KENANGANKU DENGAN GUS DUR (24)

Muhammad AS Hikam

Sebagai salah seorang guru yang paling penting dalam kehidupan saya, Almaghfurlah Gus Dur tampaknya memang sosok dan tipe guru yang Non-konvensional. Metode yang dipakai untuk memberikan ilmu atau pemahaman kepada orang, menurut saya, memang sangat bervariasi. Saking bervariasinya, bukan tidak mungkin orang baru merasa bahwa Gus Dur memberikan "pelajaran" atau "ilmu" kepada orang tersebut setelah sekian lama berlangsung. Pengalaman ini menjadi salah satu kenangan saya dengan beliau, yaitu bagaimana cara GD melakukan transfer of experience secara intensif tetapi yang saya pahami setelah sekian lama berlangsung. Pada mulanya apa yang dilakukan oleh beliau saya pikir hanyalah sebagai suatu hal lumrah dan sekedar sebuah kebetulan belaka, sehingga saya juga tak merasakan sebagai sesuatu yang memang direncanakan beliau.

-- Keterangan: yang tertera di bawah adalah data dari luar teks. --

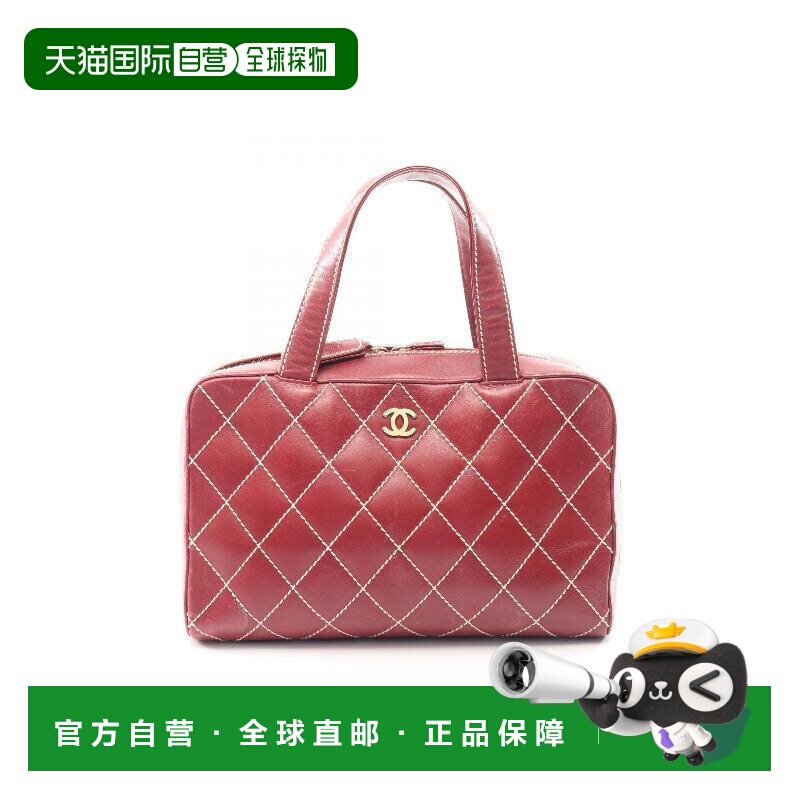 日本直邮中古Chanel香奈儿女包B级9新handbag手提包牛皮手提包红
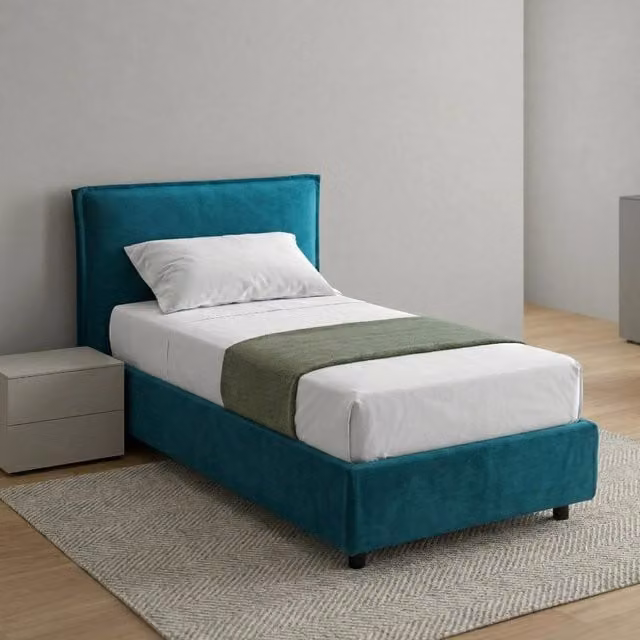 Letto Singolo Sfoderabile Brusson DMORA Made in Italy Azzurro – 1
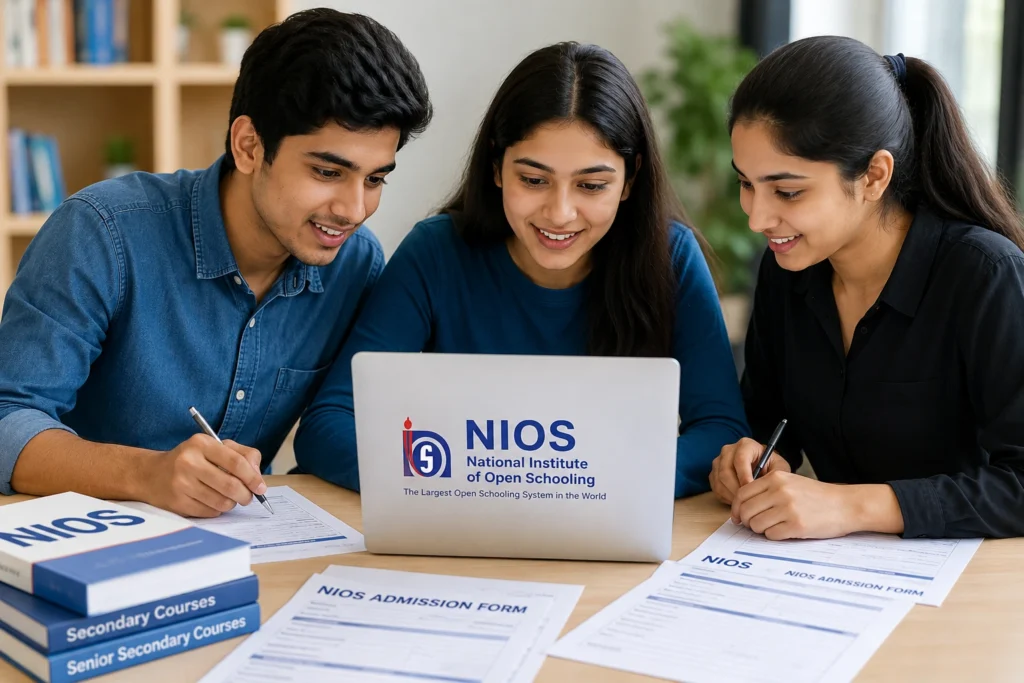 Students filling NIOS admission forms online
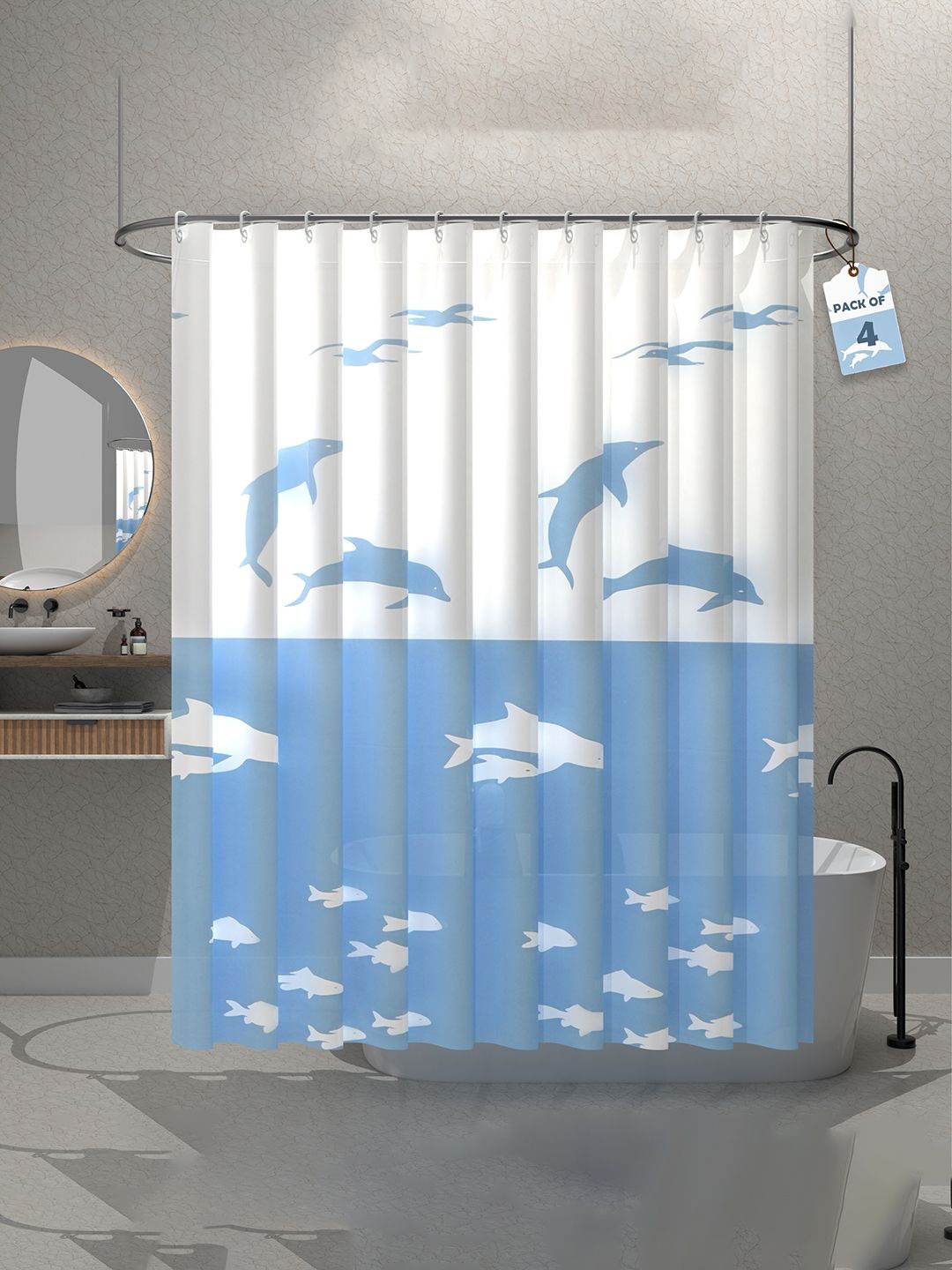 

Kuber Industries Blue & White 4 Pieces Printed Shower Curtains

Pengalaman ini berkaitan dengan bagaimana Gus Dur dalam beberapa kesempatan dimana semestinya beliau memberikan mauidloh hasanah, alias pidato, lalu tiba-tiba tidak jadi datang dan akhirnya saya yang mesti "ketiban sampur," istilah Jawanya, alias harus menjadi ban serep beliau. Padahal acara-acara tersebut adalah perhelatan yang melibatkan puluhan ribu massa dan event yang sangat penting seperti ulang tahun wafat (Khaul) Ulama pendiri Pesantren besar atau Khaul seorang Waliyullah yang sangat dihormati masyarakat di satu atau beberapa daerah. Kalau hal ini berlangsung hanya satu atau dua kali, barangkali saya tidak akan terlalu memikirkannya, tetapi karena yang saya ingat saja sudah lebih dari lima kali terjadi, maka akhirnya saya renung-renungkan apa maknanya.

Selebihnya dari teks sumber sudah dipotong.